European Strength Continues
When the year began, political risks were concentrated in Europe, economic growth was expected to accelerate in the United States, and the U.S. dollar traded near 15-year highs.
Today, the European economy has surprised investors and economists alike, outpacing the U.S. economy through the first two quarters (Figure 1). Additionally, political risk premiums have mostly abated in Europe, while increasing in America. Interest rates have moved higher in Europe. And, the dollar has surrendered all its gains against the euro.
Figure 1: Simple Average of First and Second Quarter GDP Growth (Quarter over Quarter)
Source: Bloomberg, as of 7/31/17. GDP represents gross domestic product.
The change poses pertinent questions for today’s economic outlook:
- Will a stronger euro derail European growth prospects?
- Will the European Central Bank (ECB) or the Federal Reserve (Fed) rapidly change the path of monetary policy?
- Should the euro continue its strong appreciation against the dollar?
We find little evidence in support of each.
Strong Euro, No Worry
Sharp currency movements often weigh on economic growth, as exports become relatively more expensive and imports become relatively cheaper, but in this case, the currency may simply slow, rather than derail growth, for two reasons. First, a stronger euro may simply reflect a balanced improvement in outlook, rather than an impending shock. And second, while the euro has appreciated more than 12% against the dollar, in trade-weighted terms, it has only risen about 7%.
Recent soft data, also known as surveys of the current business environments, suggest that the European recovery remains well on track and should continue at above-trend growth levels for the remainder of this year and next. Also of note, growth was recorded across all nations covered by the survey. Seemingly, neither a rise in the euro nor hints of quantitative easing (QE) tapering took the steam out of the European economic recovery.
Draghi(ng) His Feet
Contrary to traditional economic theory, the link between money, growth, and inflation remains surprisingly weak. For example, Sweden’s economy grew at a rate of 7.1% between the first and second quarter of this year, per primary estimates of growth. And yet, inflation remained below 2% during that time.
Relatively muted inflation and market forces will help the European Central Bank (ECB) maintain a dovish path to normalize monetary policy. In late June, ECB President, Mario Draghi, sent both the euro and bond yields higher when he hinted at QE tapering.
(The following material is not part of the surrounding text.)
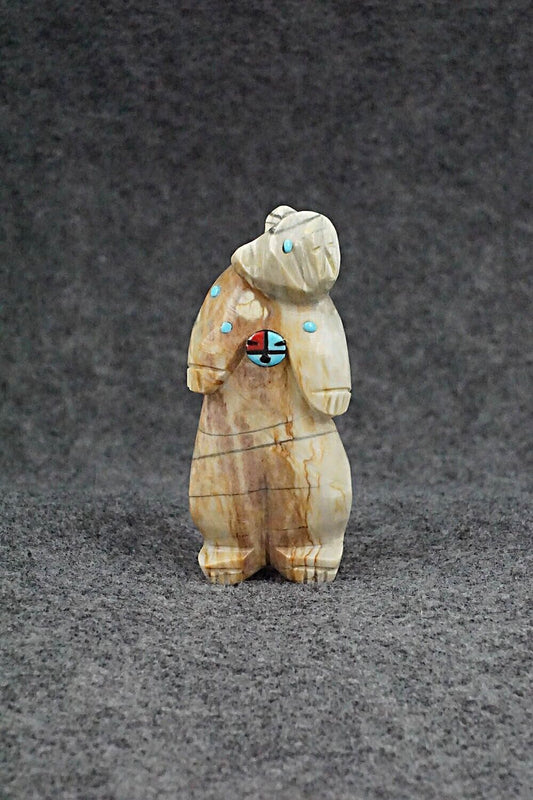 Bear Zuni Fetish Carving - Danette Laate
These concerns are at the forefront of central bank policy, as members want to avoid scaring both markets and growth.
Tighter Monetary Policy?
Despite recent hints of tighter monetary policy and two increases in the Federal Funds Rate this year (four since 2015), financial conditions remain more accommodative than when the year began (Figure 2) – a reminder that central bank tools are only so effective. Market forces, expectations, and uncertainty often have a larger impact on the availability of money.
Figure 2: U.S. Financial Conditions
Source: Bloomberg, as of 7/31/17. The 2-Year Treasury and 10-Year Treasury are represented by the generic 2-Year and 10-Year Treasury Yield. Credit spreads are the BofA Option Adjusted Spread to Treasury. The US dollar is represented by the USDX Index. U.S. Mortgages are represented by the Bankrate.com 30-Year Fixed Mortgage National Average. The percentage change represents the difference between the level at the start of the year (12/31/16) and the level today (7/31/17). A negative change suggests that financial conditions have become easier, while a positive change suggests tighter financial conditions. Past performance is not indicative of future results. An investment cannot be made directly in an index.
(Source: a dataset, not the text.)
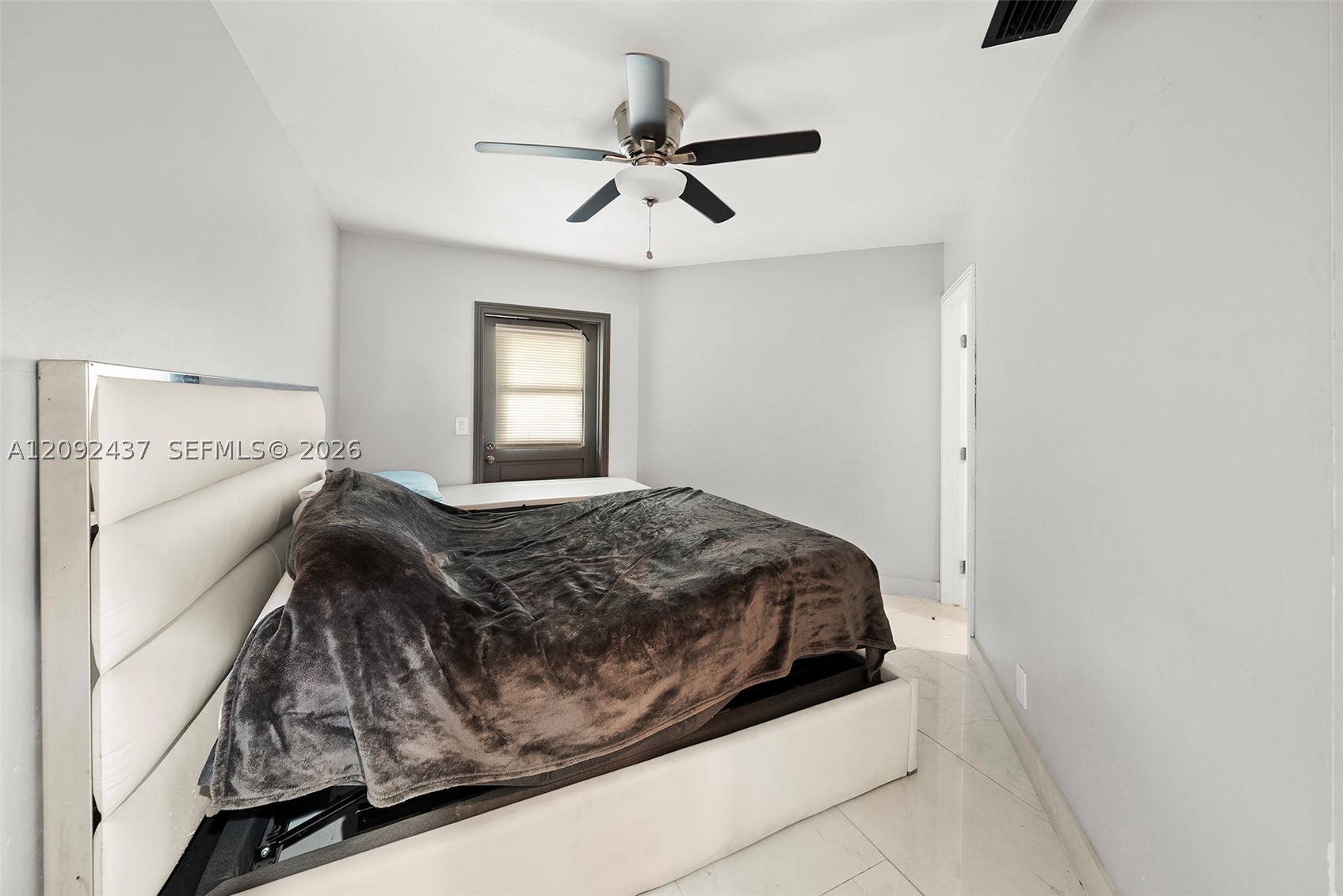 507 Palm Dr, Hallandale Beach FL 33009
Given the more accommodative financial conditions both at home and abroad (Figure 3), we expect the Fed to maintain its policy course. Admittedly, inflation is low, and likely faces both temporary and structural headwinds, but we believe that inflation is around the corner. In the meantime, the Fed will be more willing to dismiss softness in inflation and focus on economic strengths like the labor market.
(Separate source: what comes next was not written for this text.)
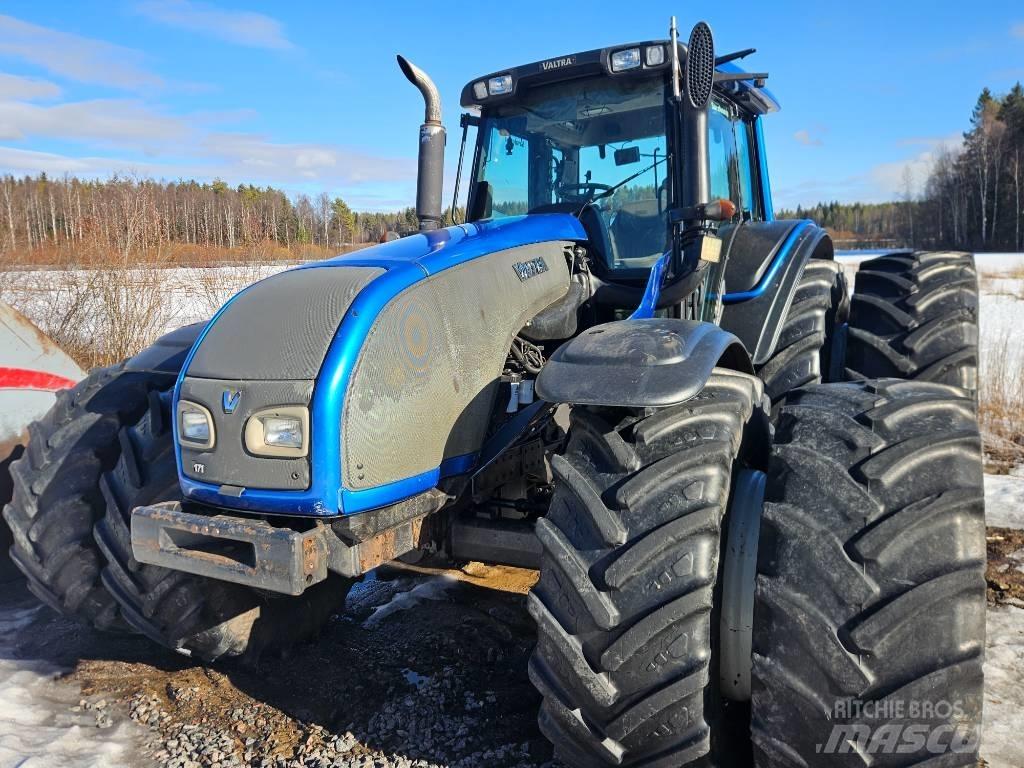 Valtra T 171 Τρακτέρ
Figure 3: Global Financial Conditions
Source: Bloomberg, as of 7/31/17. The Bloomberg Financial Conditions Index tracks the overall level of financial stress in each country’s money, bond, and equity markets to help assess the availability and cost of credit. A positive value indicates accommodative financial conditions, while a negative value indicates tighter financial conditions relative to pre-crisis norms. U.S. represents the United States; Asia ex. Japan represents Asia excluding Japan; U.K. represents the United Kingdom; E.U. represents the European Union. Past performance is not indicative of future results. An investment cannot be made directly in an index.
Putting It All Together
Divergence remains a key theme for financial markets and currencies. Compared to the U.S., the Euro zone’s economy has more slack, and so the ECB is likely a few years behind the U.S. in both growth and policy. Accommodative policy is therefore likely to continue in Europe, while the Fed remains fixated on its gradual tightening campaign.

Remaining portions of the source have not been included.